Prompt: Please output the section of the listing below that opens with the line containing "a woman's arm" and closes with the line containing "Very long matte", exactly and with nothing else.

Source data:
-=-=-
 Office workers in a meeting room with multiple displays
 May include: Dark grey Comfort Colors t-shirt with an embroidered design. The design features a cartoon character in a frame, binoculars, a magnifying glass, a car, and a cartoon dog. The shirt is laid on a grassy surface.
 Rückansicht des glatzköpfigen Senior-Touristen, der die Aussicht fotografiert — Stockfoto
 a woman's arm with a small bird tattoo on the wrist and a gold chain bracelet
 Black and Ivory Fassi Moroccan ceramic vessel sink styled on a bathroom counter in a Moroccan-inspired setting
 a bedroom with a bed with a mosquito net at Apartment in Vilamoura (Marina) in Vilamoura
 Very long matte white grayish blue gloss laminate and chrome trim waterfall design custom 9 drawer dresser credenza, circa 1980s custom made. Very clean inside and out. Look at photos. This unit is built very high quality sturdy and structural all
-=-=-
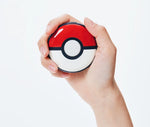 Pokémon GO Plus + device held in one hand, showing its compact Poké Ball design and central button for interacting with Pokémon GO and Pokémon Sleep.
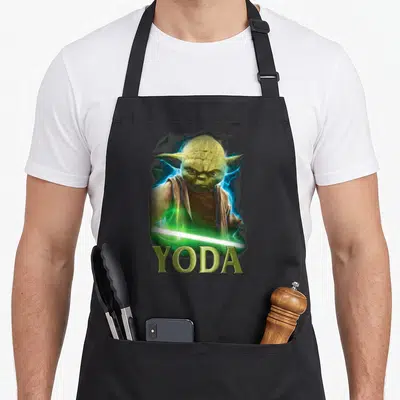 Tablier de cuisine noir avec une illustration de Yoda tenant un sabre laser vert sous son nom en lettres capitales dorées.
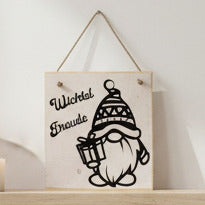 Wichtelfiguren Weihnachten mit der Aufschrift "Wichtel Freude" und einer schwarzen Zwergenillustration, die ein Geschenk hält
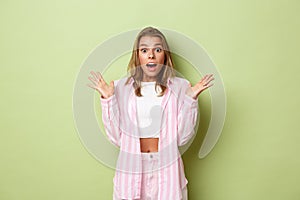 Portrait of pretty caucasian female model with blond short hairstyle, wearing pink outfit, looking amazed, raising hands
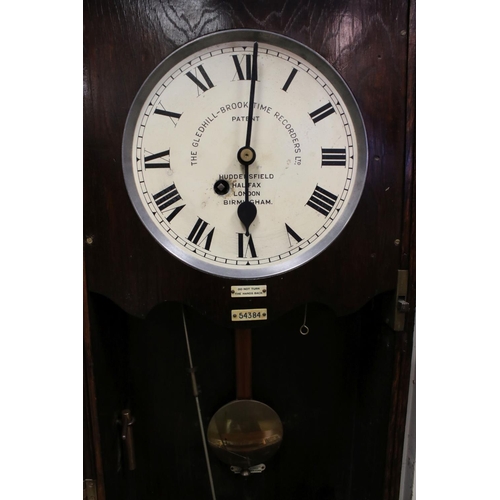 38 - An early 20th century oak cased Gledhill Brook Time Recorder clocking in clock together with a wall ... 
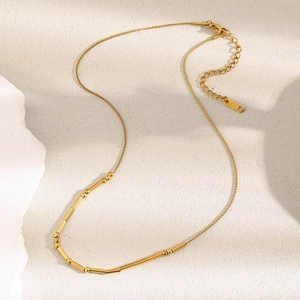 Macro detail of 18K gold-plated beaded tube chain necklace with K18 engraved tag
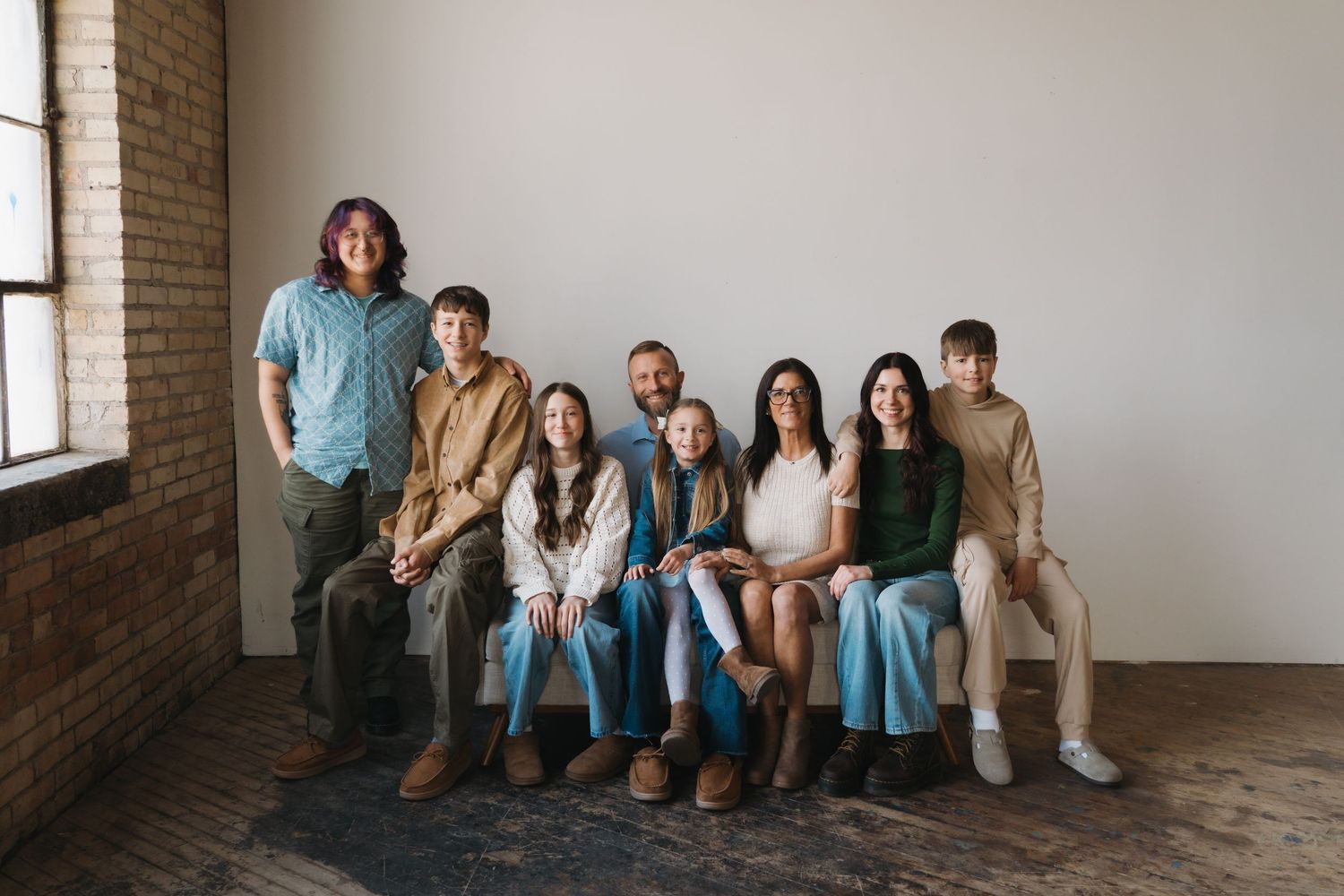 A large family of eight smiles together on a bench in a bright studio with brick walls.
-=-=-
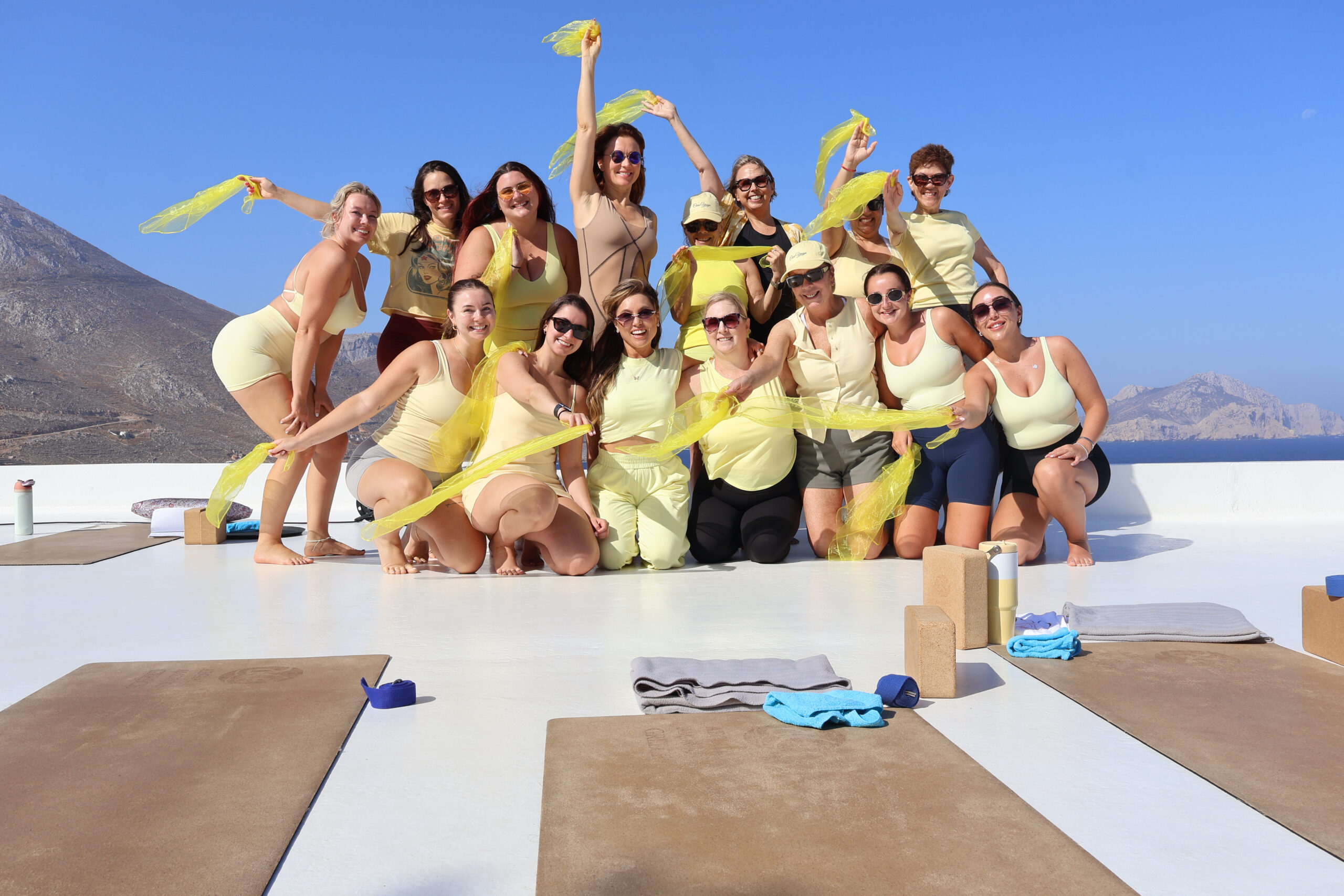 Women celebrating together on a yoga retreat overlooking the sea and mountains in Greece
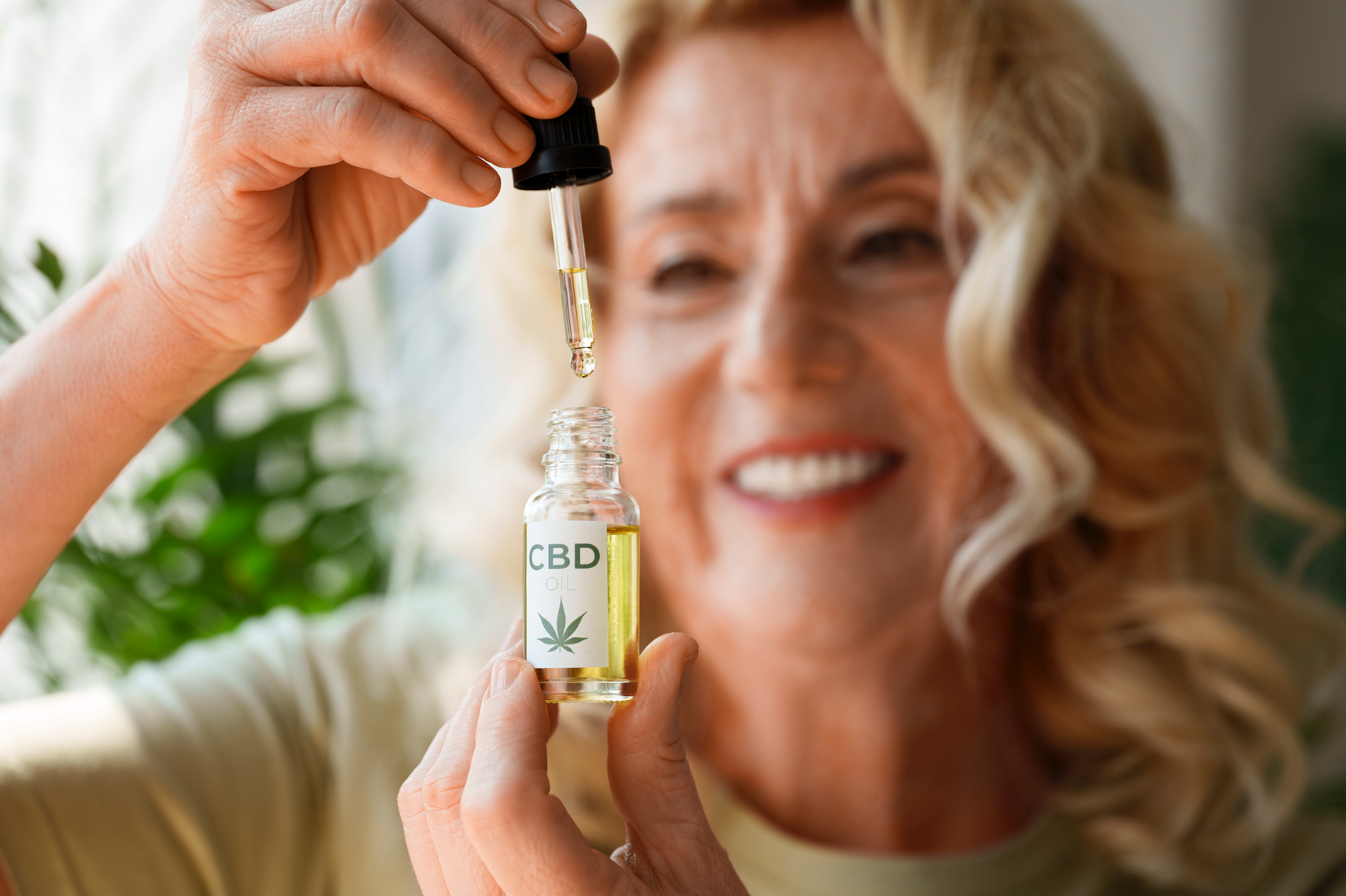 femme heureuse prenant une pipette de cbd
-=-=-
Result:
 a woman's arm with a small bird tattoo on the wrist and a gold chain bracelet
 Black and Ivory Fassi Moroccan ceramic vessel sink styled on a bathroom counter in a Moroccan-inspired setting
 a bedroom with a bed with a mosquito net at Apartment in Vilamoura (Marina) in Vilamoura
 Very long matte white grayish blue gloss laminate and chrome trim waterfall design custom 9 drawer dresser credenza, circa 1980s custom made. Very clean inside and out. Look at photos. This unit is built very high quality sturdy and structural all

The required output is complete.